[SUPPLIED DATA Boundary: Start]
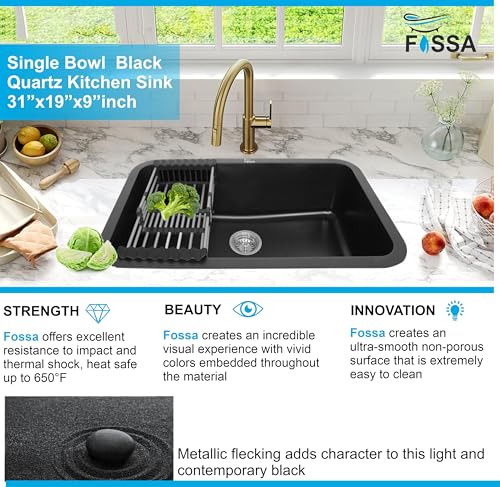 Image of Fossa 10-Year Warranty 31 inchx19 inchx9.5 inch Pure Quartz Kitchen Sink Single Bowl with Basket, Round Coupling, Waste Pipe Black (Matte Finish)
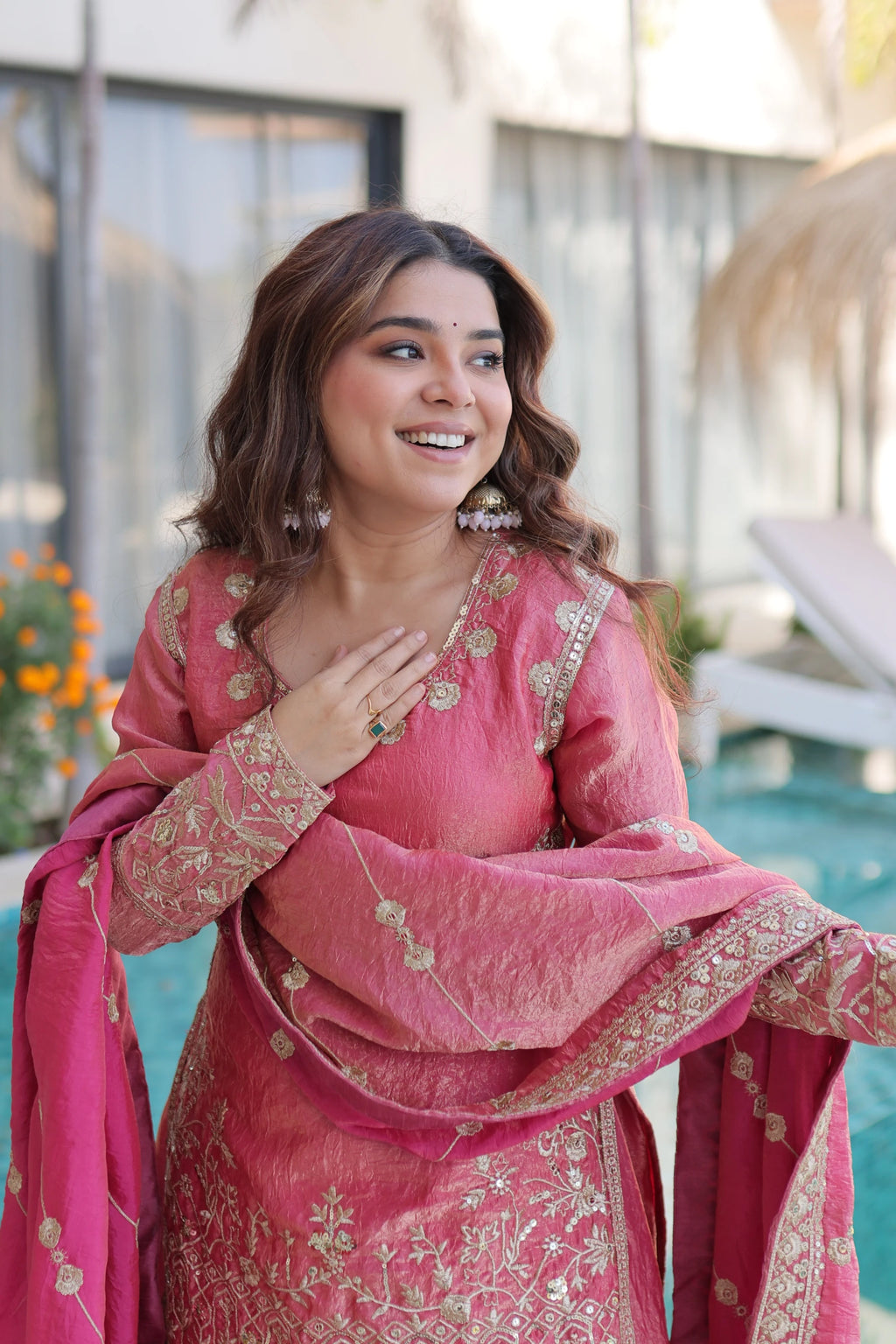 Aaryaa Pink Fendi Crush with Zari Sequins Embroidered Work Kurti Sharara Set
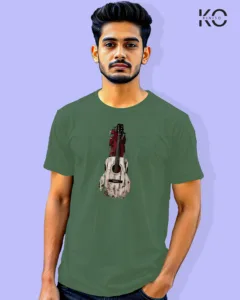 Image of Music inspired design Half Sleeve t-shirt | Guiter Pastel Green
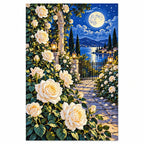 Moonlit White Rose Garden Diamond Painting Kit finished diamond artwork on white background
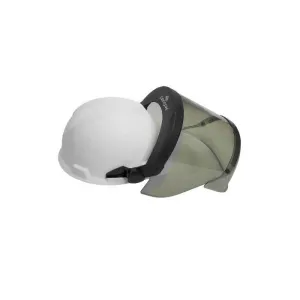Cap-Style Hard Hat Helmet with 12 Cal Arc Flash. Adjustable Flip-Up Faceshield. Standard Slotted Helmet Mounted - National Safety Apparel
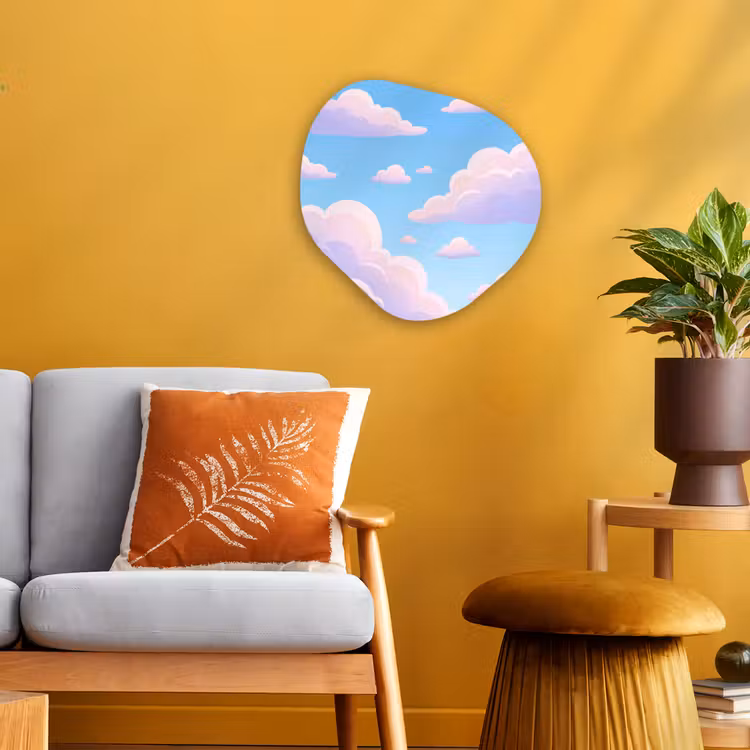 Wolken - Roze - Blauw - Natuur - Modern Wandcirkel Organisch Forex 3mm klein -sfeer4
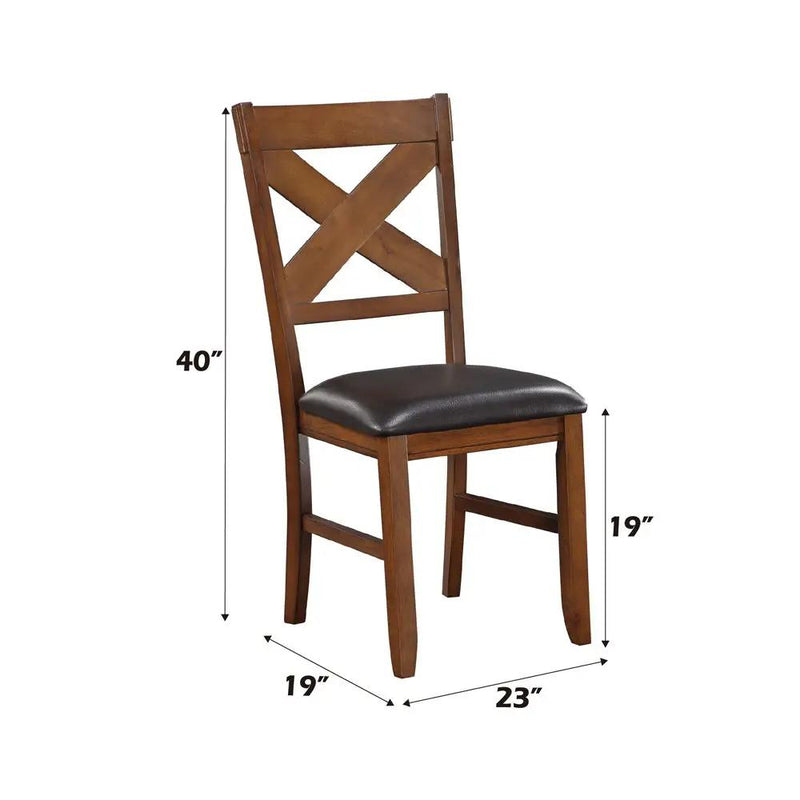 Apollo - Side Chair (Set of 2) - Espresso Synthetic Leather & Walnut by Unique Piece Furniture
[SUPPLIED DATA Boundary: End]
[SUPPLIED DATA Boundary: Start]
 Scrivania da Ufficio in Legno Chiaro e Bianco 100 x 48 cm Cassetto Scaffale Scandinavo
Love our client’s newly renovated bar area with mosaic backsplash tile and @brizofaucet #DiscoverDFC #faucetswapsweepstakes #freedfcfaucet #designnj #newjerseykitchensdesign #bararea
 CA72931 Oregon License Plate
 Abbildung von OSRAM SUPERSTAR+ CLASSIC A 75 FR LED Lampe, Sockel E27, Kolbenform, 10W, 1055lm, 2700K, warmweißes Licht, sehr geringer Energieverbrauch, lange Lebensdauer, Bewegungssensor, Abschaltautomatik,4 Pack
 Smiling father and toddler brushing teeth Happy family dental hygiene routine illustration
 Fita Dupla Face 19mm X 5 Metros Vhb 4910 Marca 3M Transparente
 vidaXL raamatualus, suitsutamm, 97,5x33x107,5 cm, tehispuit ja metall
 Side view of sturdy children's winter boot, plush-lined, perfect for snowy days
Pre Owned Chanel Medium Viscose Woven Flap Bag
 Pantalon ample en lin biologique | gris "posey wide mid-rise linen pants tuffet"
[SUPPLIED DATA Boundary: End]
[SUPPLIED DATA Boundary: Start]
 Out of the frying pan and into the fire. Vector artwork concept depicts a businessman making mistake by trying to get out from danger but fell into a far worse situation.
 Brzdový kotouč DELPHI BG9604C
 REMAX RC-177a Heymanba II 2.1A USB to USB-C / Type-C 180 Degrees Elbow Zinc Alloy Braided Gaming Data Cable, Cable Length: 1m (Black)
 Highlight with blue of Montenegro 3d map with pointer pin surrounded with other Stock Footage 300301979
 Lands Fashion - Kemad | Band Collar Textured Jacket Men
[SUPPLIED DATA Boundary: End]
WHAT THE TASK ASKS
Starting with the line that has "Image of Fossa" and ending with the line that has "Apollo - Side", repeat the lines above exactly, omitting every picture.

WRITTEN SOLUTION
 Image of Fossa 10-Year Warranty 31 inchx19 inchx9.5 inch Pure Quartz Kitchen Sink Single Bowl with Basket, Round Coupling, Waste Pipe Black (Matte Finish)
 Aaryaa Pink Fendi Crush with Zari Sequins Embroidered Work Kurti Sharara Set
 Image of Music inspired design Half Sleeve t-shirt | Guiter Pastel Green
 Moonlit White Rose Garden Diamond Painting Kit finished diamond artwork on white background
Cap-Style Hard Hat Helmet with 12 Cal Arc Flash. Adjustable Flip-Up Faceshield. Standard Slotted Helmet Mounted - National Safety Apparel
 Wolken - Roze - Blauw - Natuur - Modern Wandcirkel Organisch Forex 3mm klein -sfeer4
 Apollo - Side Chair (Set of 2) - Espresso Synthetic Leather & Walnut by Unique Piece Furniture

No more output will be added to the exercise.